Location
- Country: Australia

Physical characteristics
- • location: Leichhardt Range
- • elevation: 348 metres (1,142 ft)
- • location: Lake Dalrymple
- • elevation: 158 metres (518 ft)
- Basin size: 73,936 km^{2} (28,547 sq mi)

= Suttor River =

River in Queensland, Australia

The Suttor River is a river in Central Queensland, Australia. The Belyando River is its main tributary. The river has its origins in the Leichhardt Range, north west of Glenden. It flows into Lake Dalrymple, becoming a tributary of the Burdekin River.

== Geography ==
A DIWA wetlands can be found along the course of the river. The 332 ha wetland known as the Scartwater Aggregation is a floodplain upstream from Lake Dalrymple where the river is split into two major channels by Scartwater Hill, a sandstone outcrop, the channels contain two large permanent waterholes.

== History ==
Jangga, also known as Yangga, is a language of Central Queensland.

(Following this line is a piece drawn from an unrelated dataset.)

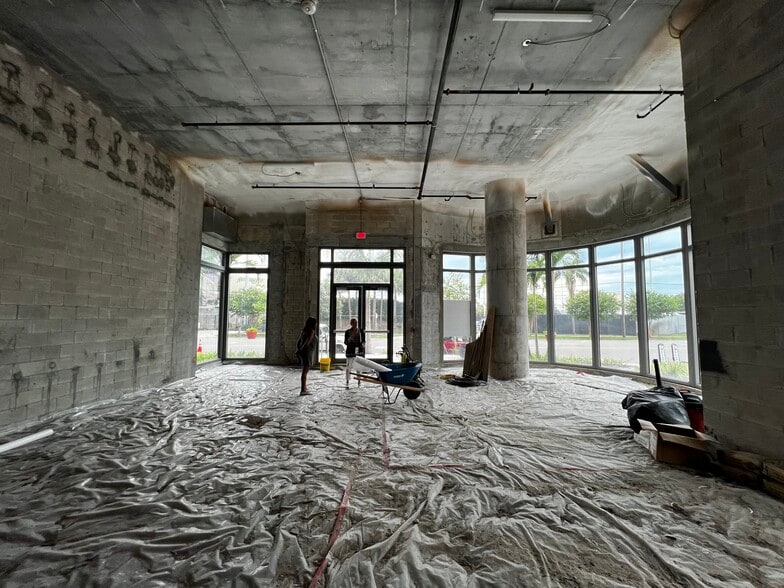 301 1st St S, Saint Petersburg, FL for lease - Interior Photo - Image 3 of 4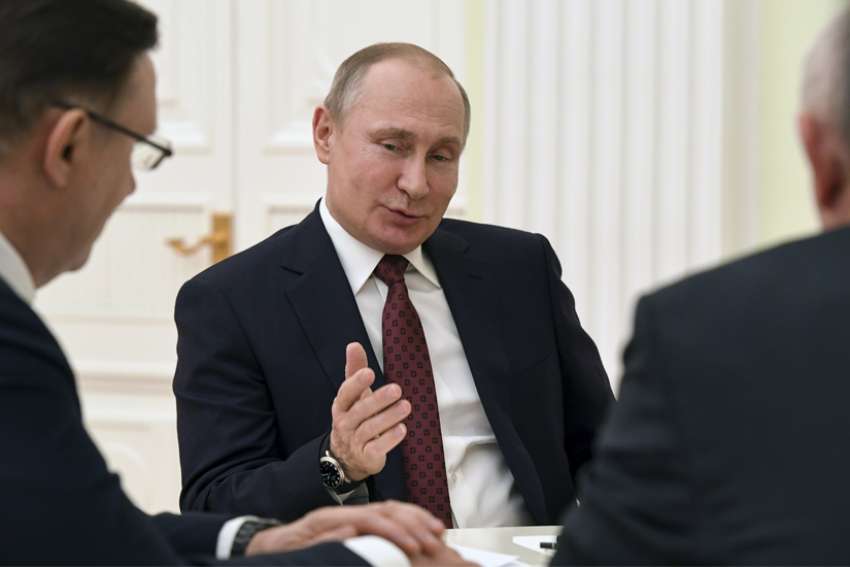 Proposed amendment in Russia would define marriage as between a man and woman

The Jangga language region includes the landscape within the local government boundaries of the Etheridge Shire Council.

The river was named after William Henry Suttor on 7 March 1845 by explorer Ludwig Leichhardt on his expedition from Moreton Bay to Port Essington. Suttor had given Leichhardt some bullocks for his expedition.

The Suttor River Causeway is a stone causeway built across the Suttor River on the Old Bowen Downs Road (today at St Anns Road, Mount Coolon). It was built in 1876 by Queensland Department of Public Works and is now listed on the Queensland Heritage Register as a rare example of the road construction techniques and materials employed in the state at the time.

The stone bridge which crosses the Suttor River at St Ann's was believed to be the work of convicts on parole who were once employed at St Ann’s. St Ann’s was one of the oldest settled portions of the district, by 1935 was downgraded to be an outstation of Yacamunda.